Copyright 2016 by the authors.
References
- Samy Chambi, Daniel Lemire, Owen Kaser, Robert Godin, Better bitmap performance with Roaring bitmaps, Software: Practice and Experience Volume 46, Issue 5, pages 709–719, May 2016 http://arxiv.org/abs/1402.6407 This paper used data from http://lemire.me/data/realroaring2014.html
- Daniel Lemire, Gregory Ssi-Yan-Kai, Owen Kaser, Consistently faster and smaller compressed bitmaps with Roaring, Software: Practice and Experience (accepted in 2016, to appear) http://arxiv.org/abs/1603.06549
Dependencies
Dependencies are fetched automatically by giving the -t
flag to go get
.
they include
- github.com/smartystreets/goconvey/convey
- github.com/willf/bitset
- github.com/mschoch/smat
Note that the smat library requires Go 1.6 or better.
Installation
- go get -t github.com/RoaringBitmap/roaring
Example
Here is a simplified but complete example:
package main
import (
"fmt"
"github.com/RoaringBitmap/roaring"
"bytes"
)
func main() {
// example inspired by https://github.com/fzandona/goroar
fmt.Println("==roaring==")
rb1 := roaring.BitmapOf(1, 2, 3, 4, 5, 100, 1000)
fmt.Println(rb1.String())
rb2 := roaring.BitmapOf(3, 4, 1000)
fmt.Println(rb2.String())
rb3 := roaring.NewBitmap()
fmt.Println(rb3.String())
fmt.Println("Cardinality: ", rb1.GetCardinality())
fmt.Println("Contains 3? ", rb1.Contains(3))
rb1.And(rb2)
rb3.Add(1)
rb3.Add(5)
rb3.Or(rb1)
// prints 1, 3, 4, 5, 1000
i := rb3.Iterator()
for i.HasNext() {
fmt.Println(i.Next())
}
fmt.Println()
// next we include an example of serialization
buf := new(bytes.Buffer)
rb1.WriteTo(buf) // we omit error handling
newrb:= roaring.NewBitmap()
newrb.ReadFrom(buf)
if rb1.Equals(newrb) {
fmt.Println("I wrote the content to a byte stream and read it back.")
}
}
If you wish to use serialization and handle errors, you might want to consider the following sample of code:
rb := BitmapOf(1, 2, 3, 4, 5, 100, 1000)
buf := new(bytes.Buffer)
size,err:=rb.WriteTo(buf)
if err != nil {
t.Errorf("Failed writing")
}
newrb:= NewBitmap()
size,err=newrb.ReadFrom(buf)
if err != nil {
t.Errorf("Failed reading")
}
if ! rb.Equals(newrb) {
t.Errorf("Cannot retrieve serialized version")
}
Given N integers in [0,x), then the serialized size in bytes of a Roaring bitmap should never exceed this bound:
8 + 9 * ((long)x+65535)/65536 + 2 * N
That is, given a fixed overhead for the universe size (x), Roaring
bitmaps never use more than 2 bytes per integer.

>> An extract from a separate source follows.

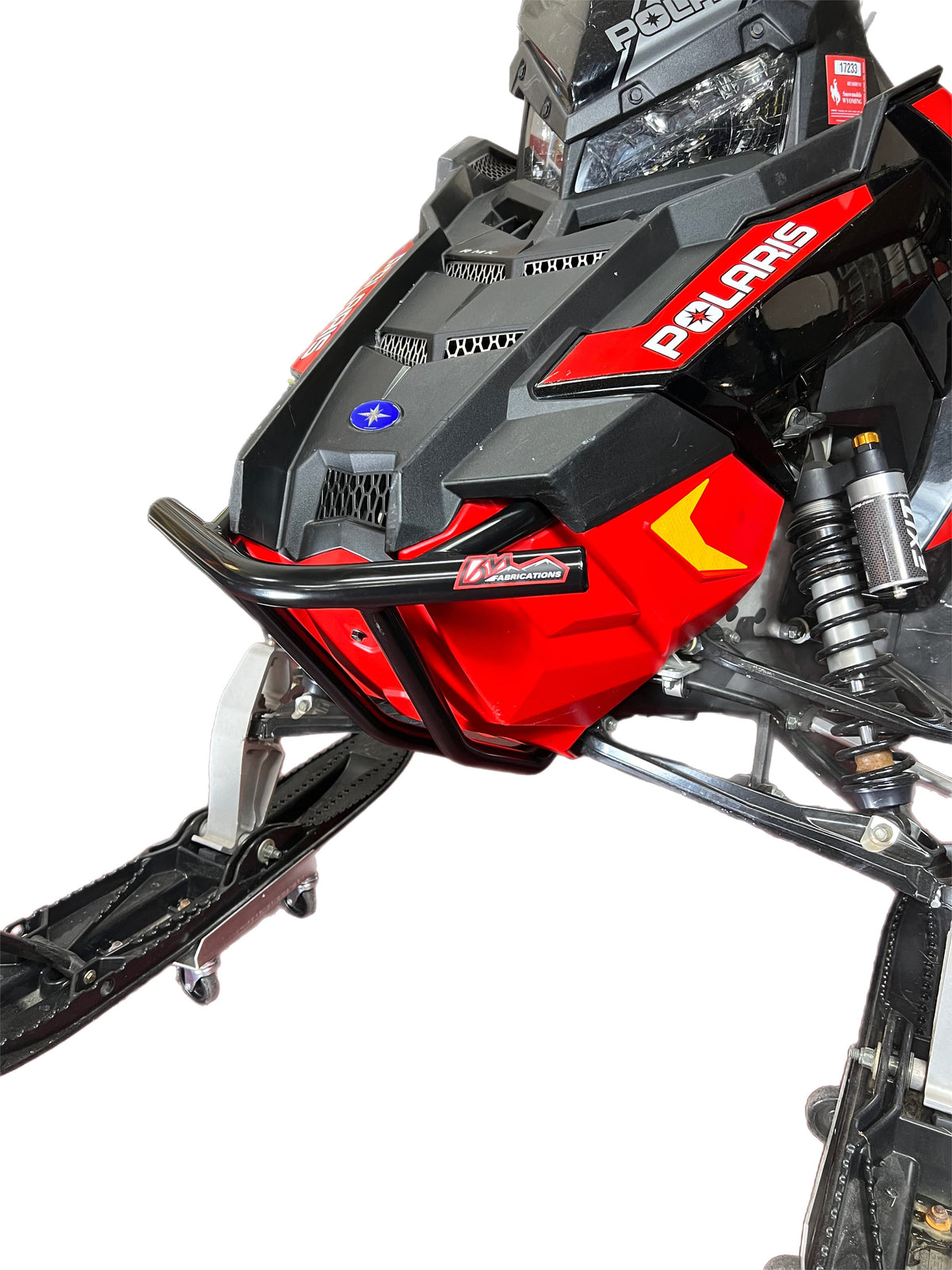 Polaris Axys EXO Front Bumper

You can call
BoundSerializedSizeInBytes
for a more precise estimate.
Documentation
Current documentation is available at http://godoc.org/github.com/RoaringBitmap/roaring
Goroutine safety
In general, it should not generally be considered safe to access
the same bitmaps using different goroutines--they are left
unsynchronized for performance. Should you want to access
a Bitmap from more than one goroutine, you should
provide synchronization. Typically this is done by using channels to pass
the *Bitmap around (in Go style; so there is only ever one owner),
or by using sync.Mutex
to serialize operations on Bitmaps.
Coverage
We test our software. For a report on our test coverage, see
https://coveralls.io/github/RoaringBitmap/roaring?branch=master
Benchmark
Type
go test -bench Benchmark -run -
Iterative use
You can use roaring with gore:
- go get -u github.com/motemen/gore
- Make sure that
$GOPATH/bin
is in your$PATH
. - go get github/RoaringBitmap/roaring
$ gore
gore version 0.2.6 :help for help
gore> :import github.com/RoaringBitmap/roaring
gore> x:=roaring.New()
gore> x.Add(1)
gore> x.String()
"{1}"
Fuzzy testing
You can help us test further the library with fuzzy testing:
go get github.com/dvyukov/go-fuzz/go-fuzz
go get github.com/dvyukov/go-fuzz/go-fuzz-build
go test -tags=gofuzz -run=TestGenerateSmatCorpus
go-fuzz-build github.com/RoaringBitmap/roaring
go-fuzz -bin=./roaring-fuzz.zip -workdir=workdir/ -timeout=200
Let it run, and if the # of crashers is > 0, check out the reports in the workdir where you should be able to find the panic goroutine stack traces.